*** GIVEN INFORMATION ***

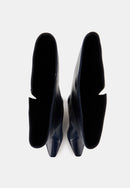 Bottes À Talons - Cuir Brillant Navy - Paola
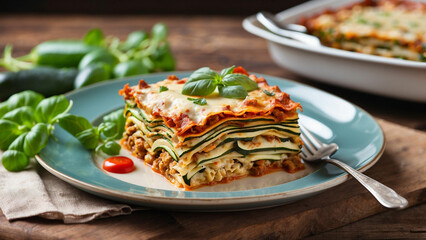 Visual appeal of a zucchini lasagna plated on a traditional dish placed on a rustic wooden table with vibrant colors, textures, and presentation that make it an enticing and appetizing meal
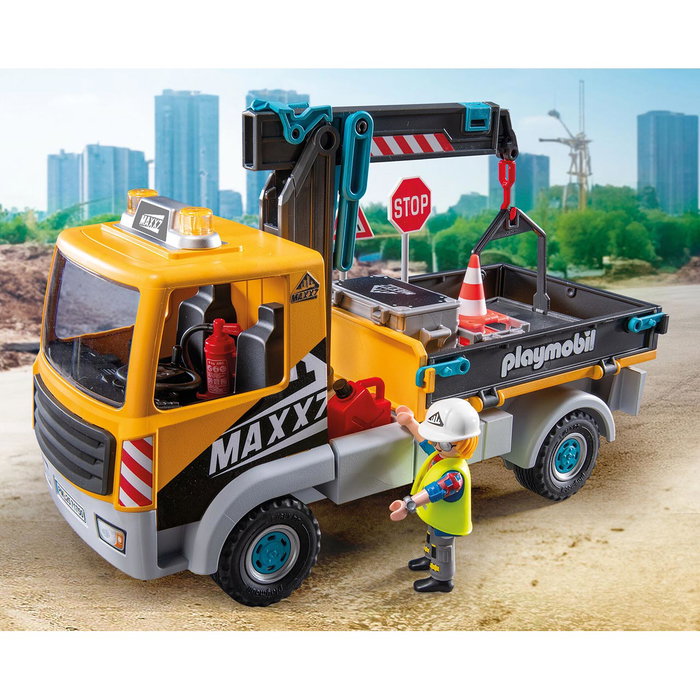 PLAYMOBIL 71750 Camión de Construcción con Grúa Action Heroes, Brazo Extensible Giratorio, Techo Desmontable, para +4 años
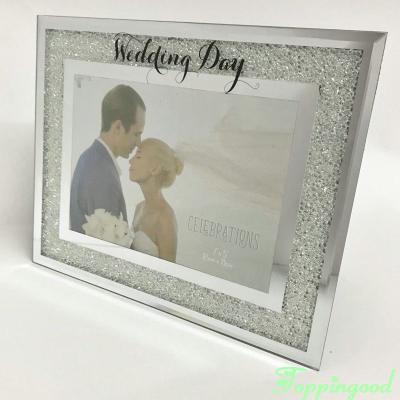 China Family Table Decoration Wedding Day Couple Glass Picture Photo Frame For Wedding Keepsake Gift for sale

***
*** GIVEN INFORMATION ***

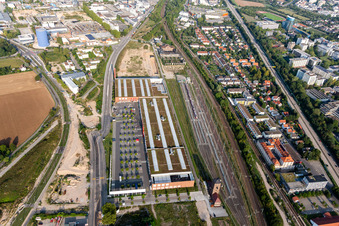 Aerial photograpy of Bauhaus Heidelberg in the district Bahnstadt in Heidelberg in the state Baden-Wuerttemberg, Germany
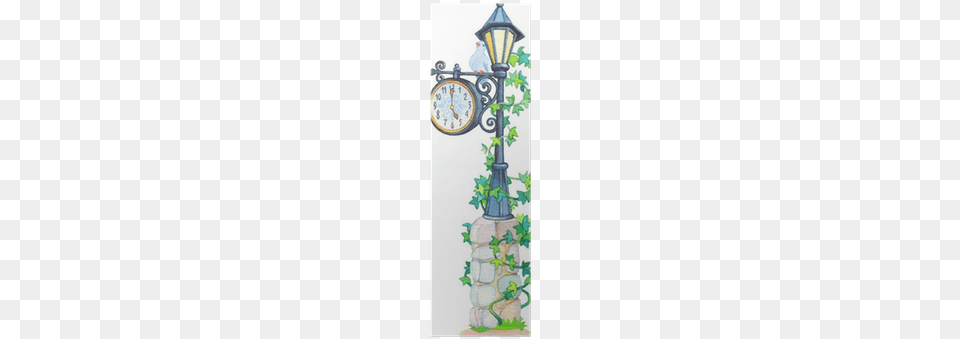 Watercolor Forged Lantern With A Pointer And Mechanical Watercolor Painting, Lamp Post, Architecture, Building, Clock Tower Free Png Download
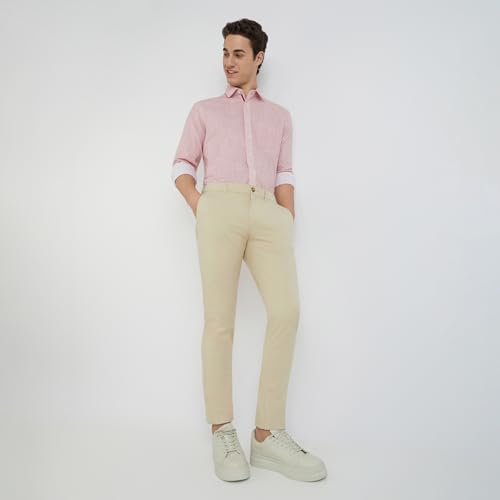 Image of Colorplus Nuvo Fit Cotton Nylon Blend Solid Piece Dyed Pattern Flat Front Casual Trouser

***
*** GIVEN INFORMATION ***

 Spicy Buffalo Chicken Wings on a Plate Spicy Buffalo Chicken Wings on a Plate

***

## TASK REQUIREMENTS
From the listing above, repeat only the lines between the line containing "PLAYMOBIL 71750 Camión" and the line containing "China Family Table", those two included. Pictures are not part of the copy.

## SOLUTION TO THE PROBLEM
 PLAYMOBIL 71750 Camión de Construcción con Grúa Action Heroes, Brazo Extensible Giratorio, Techo Desmontable, para +4 años
 China Family Table Decoration Wedding Day Couple Glass Picture Photo Frame For Wedding Keepsake Gift for sale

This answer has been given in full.